AMERICAN JABBERWOCK AND A SLING-SHOT

By rohjo  Posted by Robert Johnson (about the submitter)   5 comments
Message Robert Johnson

Beware the Jabberwock, my son! The jaws that bite, the claws that catch~~--Lewis Carroll (Through the Looking-Glass and What Alice Found There,1872)

Our President sends us amazing messages of hope in the slippery world of mass communications. Public uplift is palpable in a time when “hope” and “change” are often buzzwords for falling back or stepping in place. So, reading between the lines, where is the hope?

In the American dream, media tend to whitewash American failures or paint them as successes -- informed citizens make poor consumers of public relations. Otherwise, playing our hopes, dreams and fears (like color-coding vague states of danger) is good marketing -- anxious, uncertain citizens can be sold almost anything.

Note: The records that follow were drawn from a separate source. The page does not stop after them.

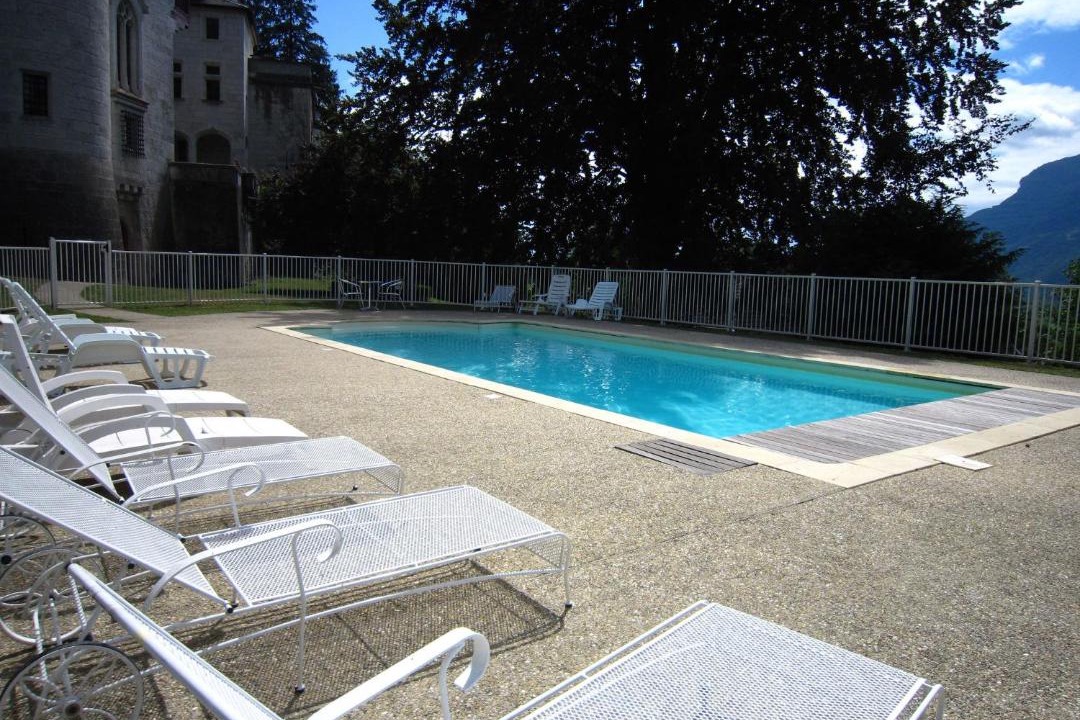 Photo of Others in Serrieres-en-Chautagne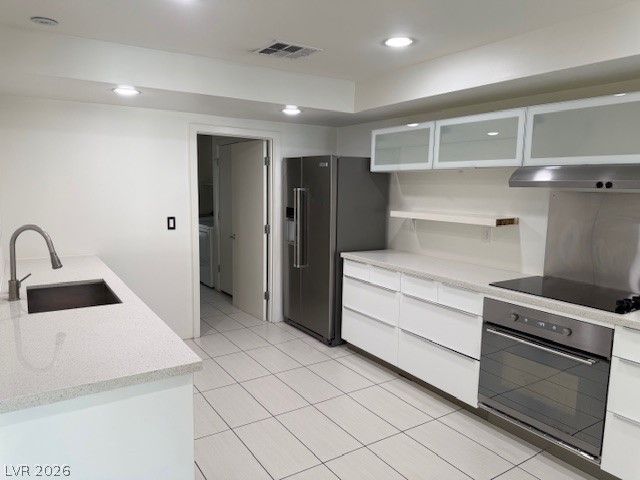 836 Vegas Valley Drive, Las Vegas, NV 89109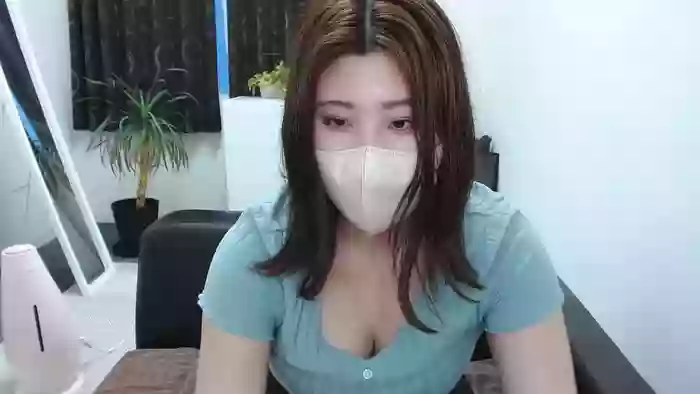 mnNONnm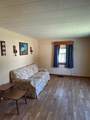 283 Pine Street - Photo 10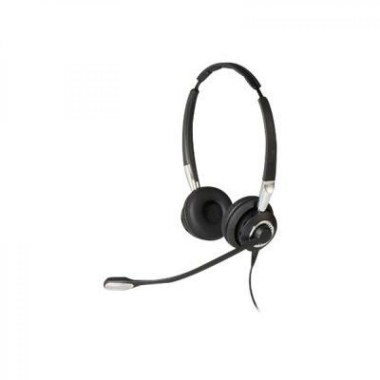 24-03-jabra-biz-2400-ii-duo-noir-reconditionne-grade-aplus.jpg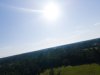 curved-1.jpg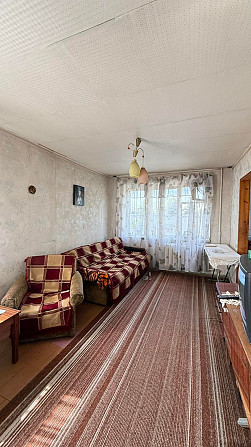 Продам 3 кімнатну квартиру р-н Косіора, вул. Осінній. Дніпро - зображення 2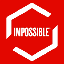 Impossible Foods tokenized stock (PreStocks) logo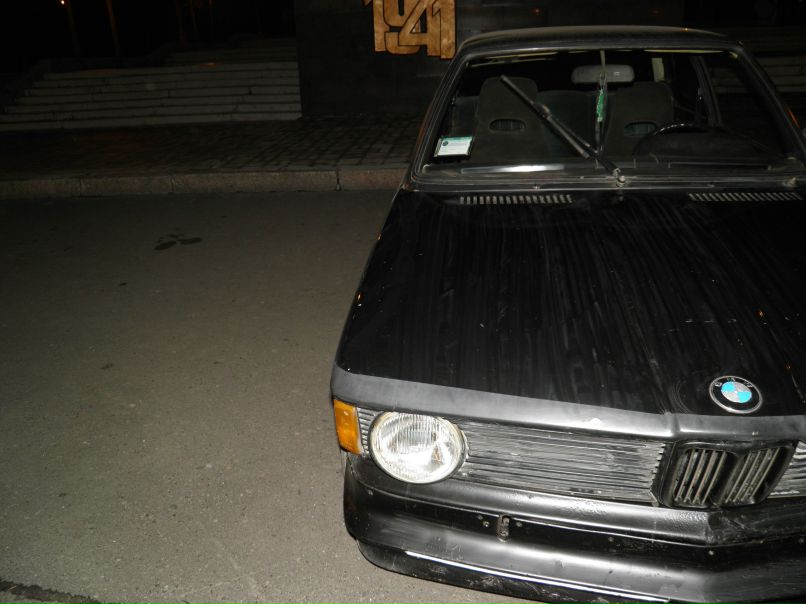 Сашка Лоренц фотография #46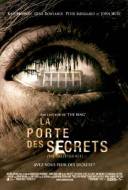 La Porte des Secrets La Porte des Secrets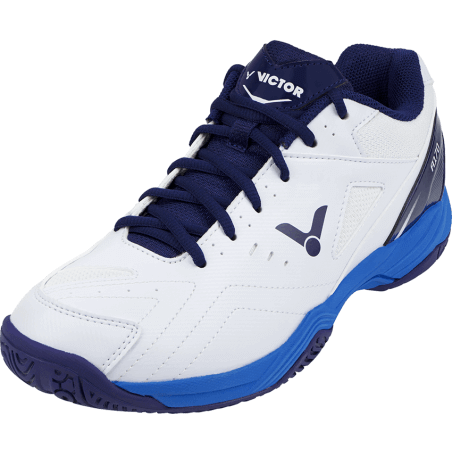 VICTOR SH A170 A WHITE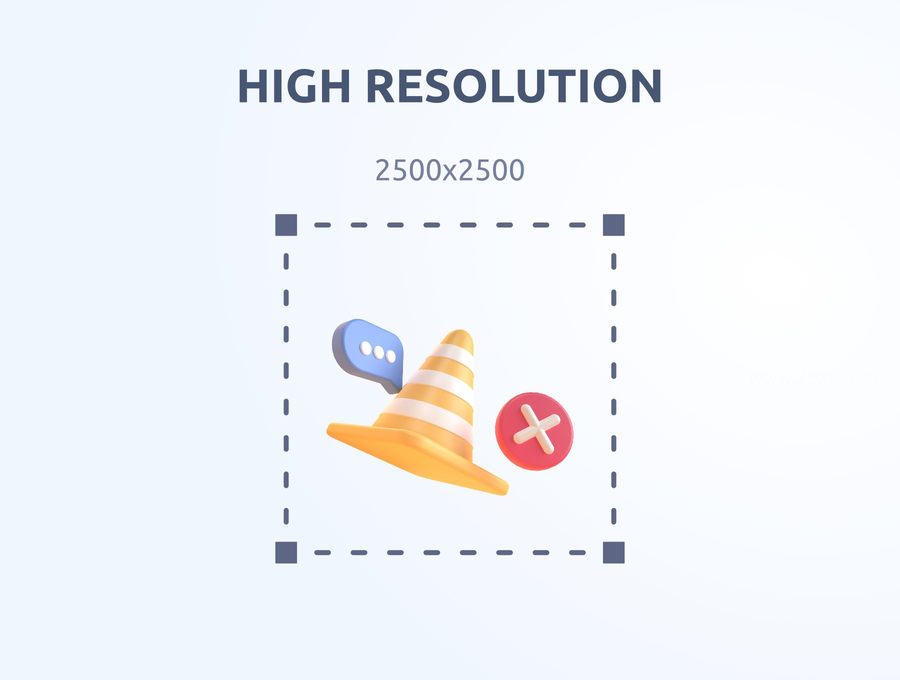 25xt-172461-Empty State 3D Icon Set2.jpg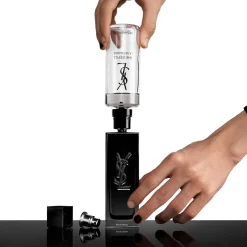 Outlet Yves Saint Laurent Myslf Eau De Parfum, 100 ml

Toxic sludge is good for us, gene manipulation improves nature, polar ice caps are melting to provide us new oil fields in the arctic, data imparts wisdom, wealth confers worth, some institutions are too big to fail, we are winning the endless war for peace, and national security trumps civil liberties, health care, education and jobs.

We suffer these conundrums, taking hits to the head daily, and may fail to connect some dots:

·  Most media are corporate.

·  By law, corporations must seek maximum profit for shareholders.

·  War funded by taxpayers; private health care; and deregulation of trade, banking, utility and environmental safeguards are good for corporate profit. 

·  Corporations are the constituency, in effect, of elected officials through campaign contributions and so-called soft money. Network news, interlocking boards, and revolving doors between business and government dominate democratic process.

·  Media are sponsored mainly by the military-industrial complex. Some media owners are principals of this complex.

 Despite protests of arm’s-length integrity, most media are mouthpieces of their owners and sponsors. Money talks, fear and favor listen.  Frank Wisner, early deputy director of the CIA (active in publishing and broadcasting), called media "The Mighty Wurlitzer" after the well-known brand of pipe organ that played background music for silent movies and the stage. The Mighty Wurlitzer wins hearts and minds.

·  The less educated, less informed and more impoverished we are, the less time and attention we have for our own governance.

We have the burden -- no one else will do it for us -- to find sources, increasingly available to increasing numbers, that cut through smoke and coded language to satisfy the golden mean of our various home truths. Opposing points of view often intersect on a common ground of information that is public, verifiable and frequently little known. 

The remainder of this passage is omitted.